With every picture left out, give the data below back exactly.

■ Brief descriptive captions
* * * * * * *
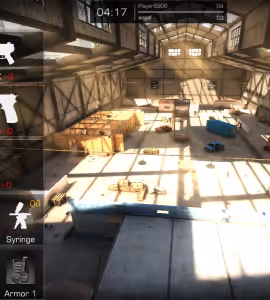 Masked Special Forces Online Gameplay Images 2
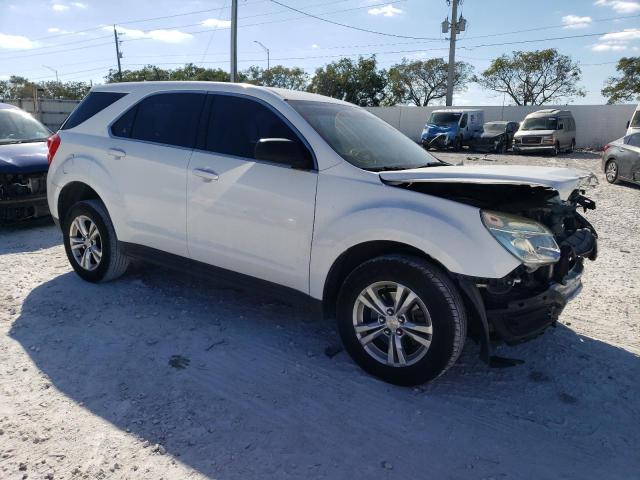 Photo 3 VIN: 2GNALBEK1G1118923 - CHEVROLET EQUINOX LS 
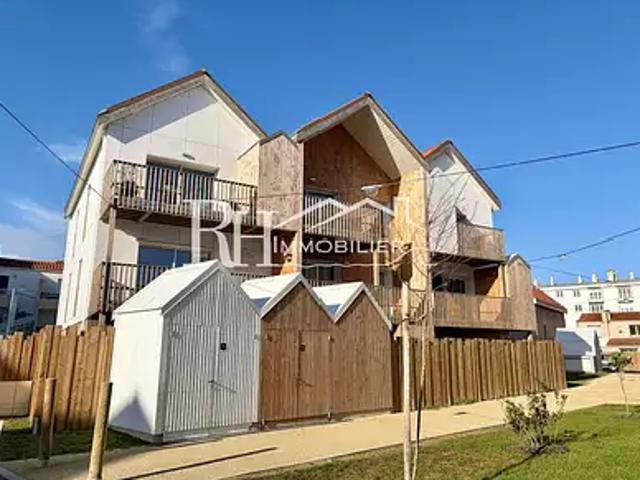 Les Sables d'Olonne 85100 Achat / Vente appartement 3 pièces t3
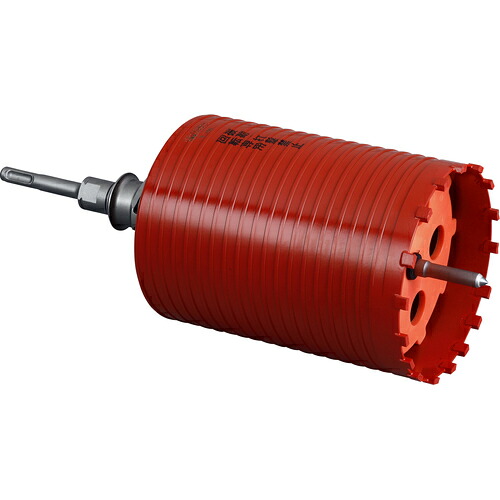 ミヤナガ ドライモンドコアドリル PCD120R 仕掛ける(SDSプラスシャンク) Φ120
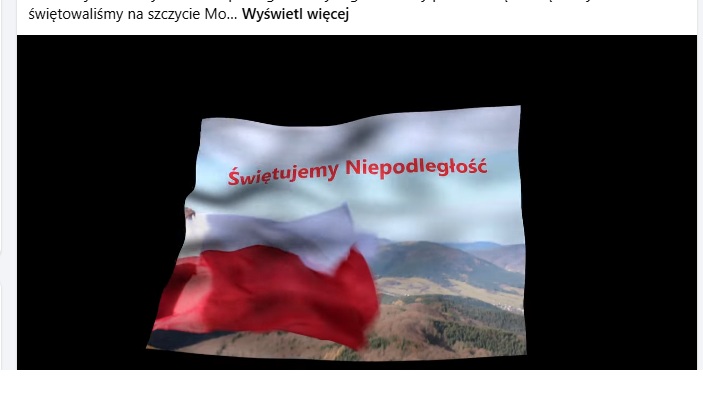 IV Piknik Niepodległościowy – Mogielica 2025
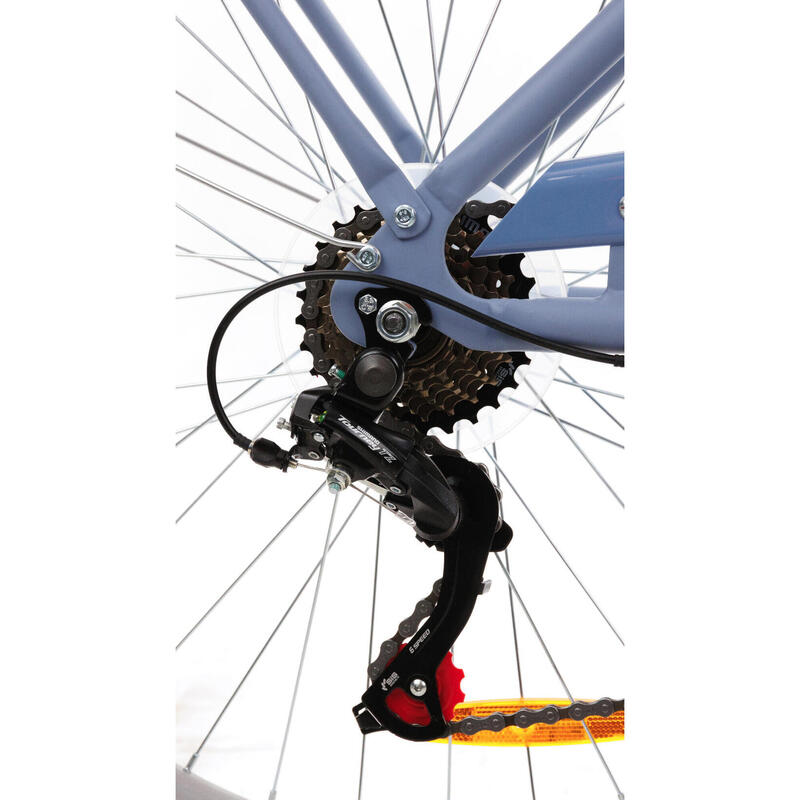 Rower miejski GOETZE Mood 26 NewLine 6B Shimano kosz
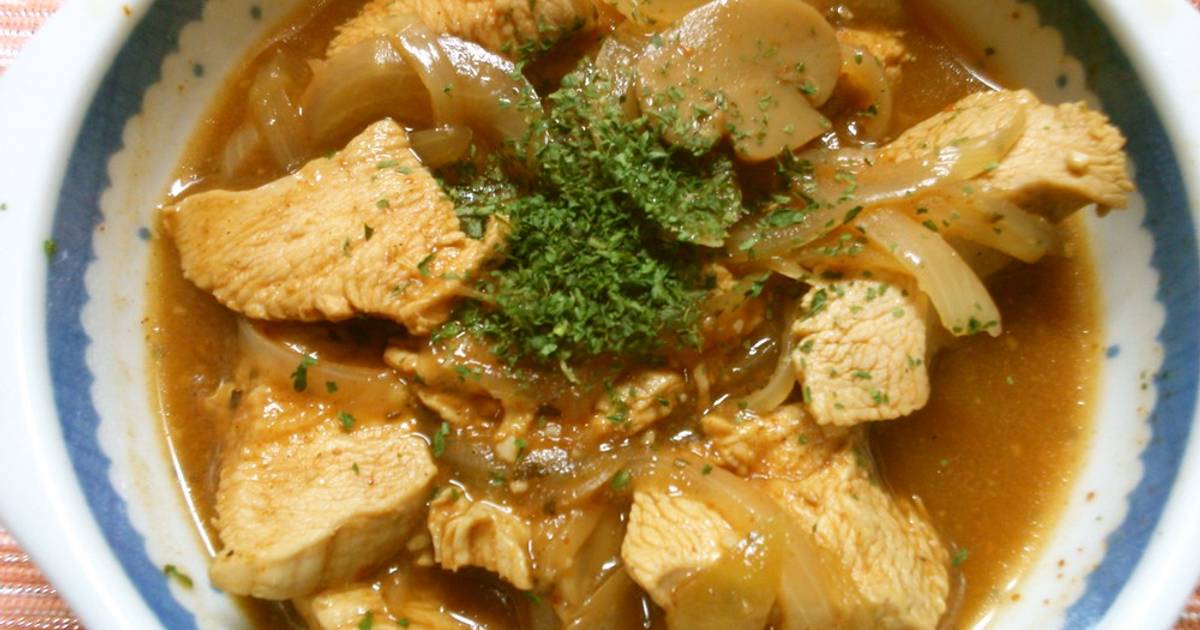 基本からアレンジまで！思わずつくりたくなる「鶏胸肉 洋風」のレシピ集 | クックパッド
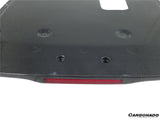 2012-2023 Nissan GTR R35 DBA  EBA NISMO Style Carbon Fiber Rear Diffuser With Break Light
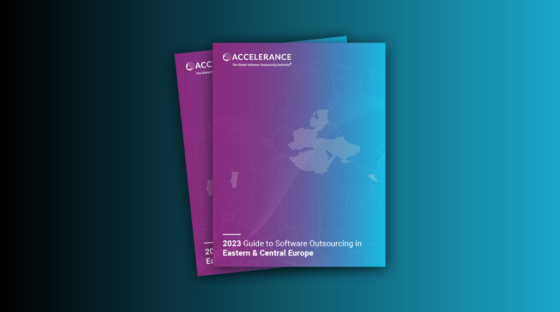 Download Accelerance's Central and Eastern Europe Region Guide to Software Outsourcing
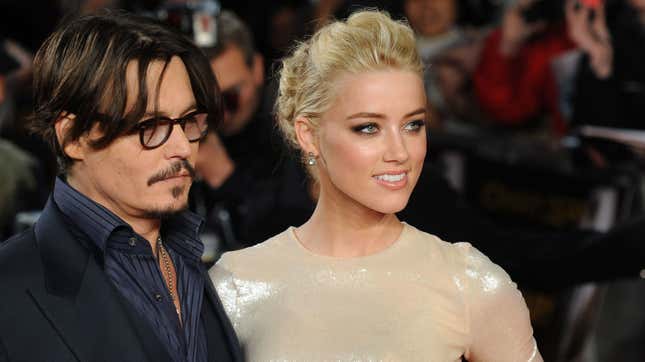 Amber Heard's Lawyers Ask Judge To Dismiss Johnny Depp's Defamation Suit, Calling It 'Meritless Bullying'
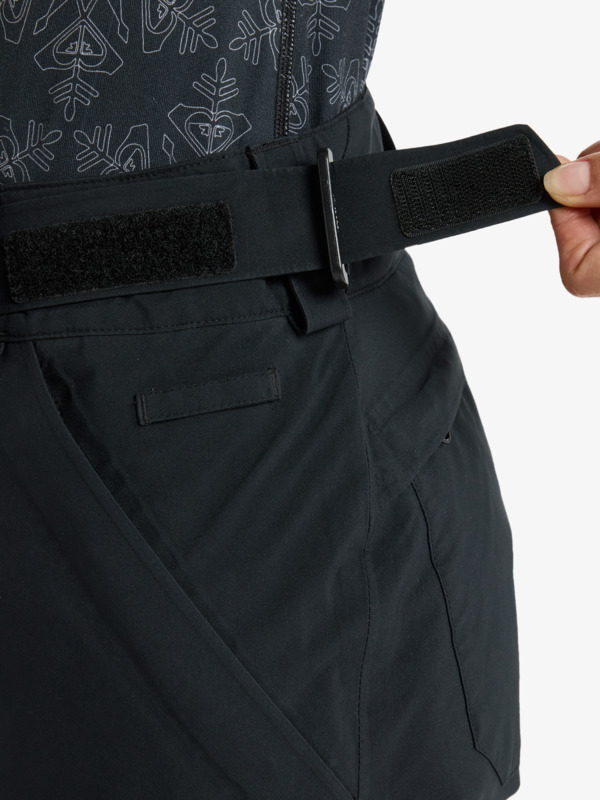 GORE-TEX® Stretch Spridle Pantalon de snow technique Noir Femme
* * * * * * *
■ Written solution
 Masked Special Forces Online Gameplay Images 2
 Photo 3 VIN: 2GNALBEK1G1118923 - CHEVROLET EQUINOX LS 
 Les Sables d'Olonne 85100 Achat / Vente appartement 3 pièces t3
 ミヤナガ ドライモンドコアドリル PCD120R 仕掛ける(SDSプラスシャンク) Φ120
 IV Piknik Niepodległościowy – Mogielica 2025
 Rower miejski GOETZE Mood 26 NewLine 6B Shimano kosz
 基本からアレンジまで！思わずつくりたくなる「鶏胸肉 洋風」のレシピ集 | クックパッド
 2012-2023 Nissan GTR R35 DBA  EBA NISMO Style Carbon Fiber Rear Diffuser With Break Light
 Download Accelerance's Central and Eastern Europe Region Guide to Software Outsourcing
 Amber Heard's Lawyers Ask Judge To Dismiss Johnny Depp's Defamation Suit, Calling It 'Meritless Bullying'
 GORE-TEX® Stretch Spridle Pantalon de snow technique Noir Femme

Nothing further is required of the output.